There is no question but that the timeliness of the filing of a claim goes to the subject matter jurisdiction of this court. (Reed v State of New York, 147 AD2d 767.) Alternatively, the weight of authority is that the method of service of a claim goes only to the issue of acquiring personal jurisdiction over the defendant and may therefore be waived. (Reed v State of New York, 147 AD2d 767, supra; Thomas v State of New York, 144 AD2d 882; Colon v State of New York, 146 Misc 2d 1034; cf., Finnerty v New York State Thruway Auth., 75 NY2d 721.) [1073]*1073The issue before us now, which is apparently one of first impression, is what is the effect of improper service of a timely notice of intention to file a claim where the defendant fails to raise the defect in its answer or motion.

This is a medical malpractice action which allegedly arose on July 8, 1988. According to the State’s papers, uncontroverted by the claimant, the notice of intention was served by ordinary mail and received on September 12, 1988. The service was therefore timely but by an unauthorized method. (See, Court of Claims Act §§ 10, 11.) Thereafter, it is again alleged without contradiction that the claim was served by regular mail and received on September 29, 1989. The answer, other than a general denial, contained only the Statute of Limitations as a defense.

As an initial matter, we note that the time periods specified in Court of Claims Act §§ 10 and 11 are not Statutes of Limitation but jurisdictional conditions precedent to bringing suit in this court. (Antoine v State of New York, 103 Misc 2d 664; Siegel, NY St Law Digest, No. 365, May 1990.) Two somewhat contradictory corollaries follow from this proposition: that pleading the Statute of Limitations fails to raise defects under sections 10 and 11; but with respect to timeliness, inasmuch as subject matter jurisdiction has been implicated, the failure to plead does not constitute a waiver. (Finnerty v New York State Thruway Auth., 75 NY2d 721, supra.)

Here, the claim was served more than 90 days after accrual and is therefore late, a nonwaivable jurisdictional defect, unless the prior notice of intention was effective to extend claimant’s time. Thus, the issue is: does the State’s failure to raise the improper method of service of claimant’s timely notice of intention waive the defect thereby validating it and extending the time to file and serve the claim? In other words, is a defect in the manner of service of a notice of intention waivable?

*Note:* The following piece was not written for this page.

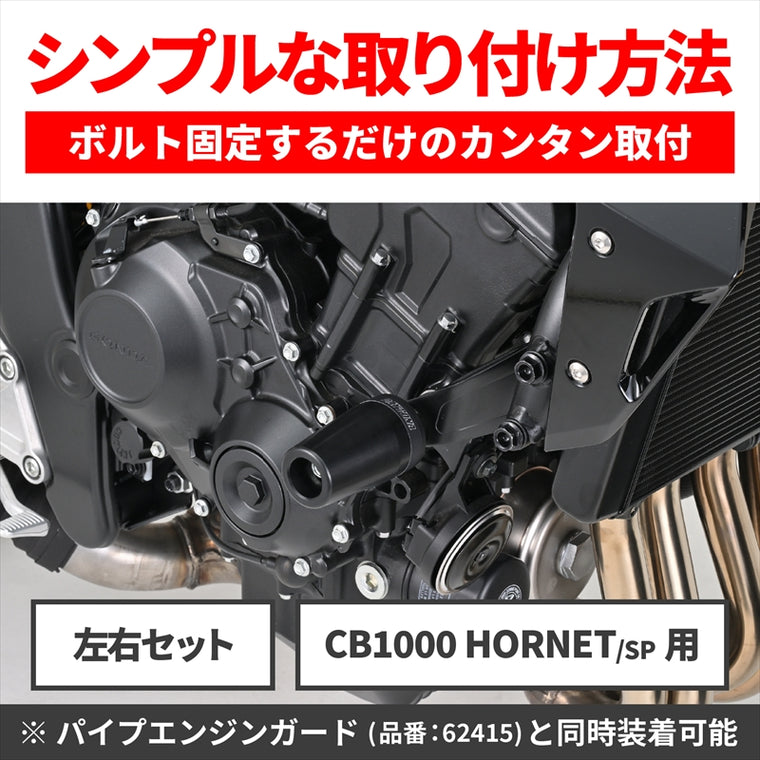 Daytona｜CB1000 ホーネット/SP(25)専用 エンジンスライダー エンジンプロテクター ブラック｜38518
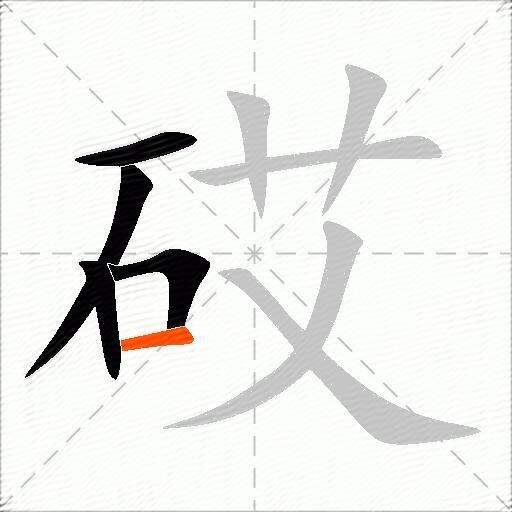 砹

In Baggett v State of New York (124 AD2d 969), a notice of intention was served by ordinary mail and the defect was preserved. (See, Reed v State of New York, 147 AD2d 767, supra.) In analyzing the consequences, the Fourth Department stated: "Hence, service of a copy of the notice of intention by ordinary mail was insufficient to acquire personal jurisdiction over the State” (Baggett v State of New York, 124 AD2d, at 969-970, supra). Subsequent cases have broadly construed this [1074]*1074to mean that defects in the method of service under section 11 go only to personal jurisdiction and may therefore be waived in accordance with the CPLR (Reed v State of New York, 147 AD2d 767, supra; Thomas v State of New York, 144 AD2d 882, supra.) Indeed, since personal jurisdiction is not acquired by the service of a notice of intention, it not being a summons nor analogue thereof (Spinella v State of New York, NYLJ, Apr. 20, 1988, at 13, col 1), if the Baggett court did not mean that defects in the method of service of a notice of intention were waivable, there would have been no reason to employ those terms.

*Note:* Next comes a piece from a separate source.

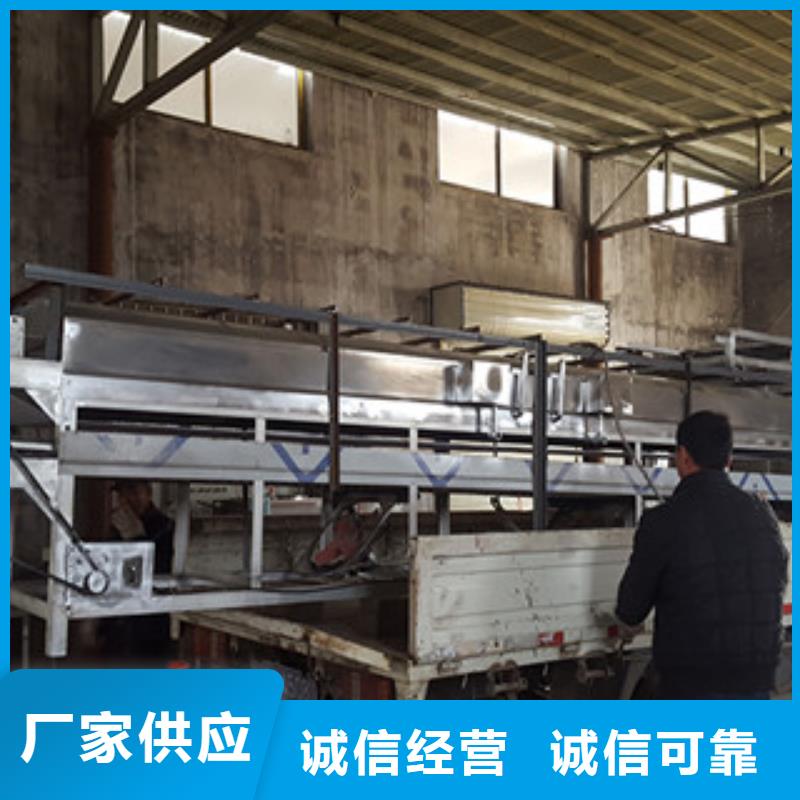 米皮机厂家直销省心省钱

Applying the foregoing, the defendant’s answer failed to ráise the issue of the notice of intention having been served by regular mail. Clearly, pleading the Statute of Limitations does not give notice of this defect. Pursuant to Baggett (supra) and its progeny, the defect was therefore waived. Since it was timely served (and filed) it was effective to extend claimant’s time under sections 10 and 11 to serve and file the claim. That too was then timely done, albeit by ordinary mail and the answer once again failed to raise the defect therefore waiving it.

For the foregoing reasons, the motion is denied.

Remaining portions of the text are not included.